Saturday, July 25, 2009
Today is a perfect example of why I have this blog: I was supposed to run 7 miles but less than a mile in, my Ipod crapped out on me. A combination of dwindling batteries and (don't tell the Apple people I admitted to this in case I need to return it) it just not seeming to be working perhaps because I ran with it the day before in the pouring rain. So when it died, I have two choices: keep going or head home. I decided to keep going; after all, serious runners do not run with music. The guy who one the gold medal at the olympics last summer did not sprint the last km to She Bangs by Ricky Martin, like I do. "I can do this," I said to myself (out loud, I may add). Well, 3 miles later and after singing the same intro to Oops, I did it Again about a million times while trying not to think about all the things currently stressing me out, I decided that I can't do this. And I could of just told myself that 4 miles is close enough...at least more than halfway to 7 miles, I knew the only one I would be cheating is myself. So now I find myself confessing this all here while at the same time promising to run those 7 miles on Sunday, instead of my usual leisurely 3 miles. Sorry Alyssa, maybe next week.
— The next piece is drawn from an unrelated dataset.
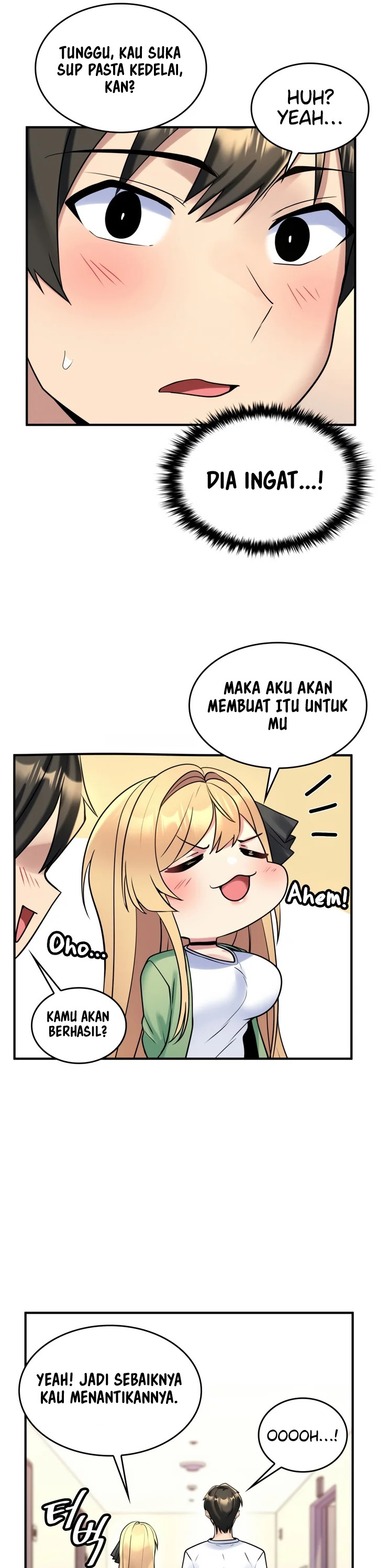 Rental Room Brides - Chapter 16 22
My last Shabbat dinner before I get Billy back and can have a real family dinner. I just couldn't make chopped liver without him. Instead, I just had the basics: Chicken, veggies, rice, and of course, the best challah in the city from Daiters.
No fancy recipe here, just a reminder to cook your barbecue chicken over a LOW heat on the bbq so that it cooks evenly and does not burn.
Finished The Ten Year Nap. I am sorry I was so skeptical. All that character development did pay off in the end, although I do wish that it would not have wrapped out so quickly and neatly at the end. It is just too much of a coincidence that little Nadia happened to be singing the Rice-A-Roni jingle just at a singing teacher from Juilliard walked by. If you are curious to know what I am talking about, read it: if you are a woman married with children, you will feel relieved that someone else feels the way you do. If you are married to a woman with children, you will understand what makes us tick... a little, anyways.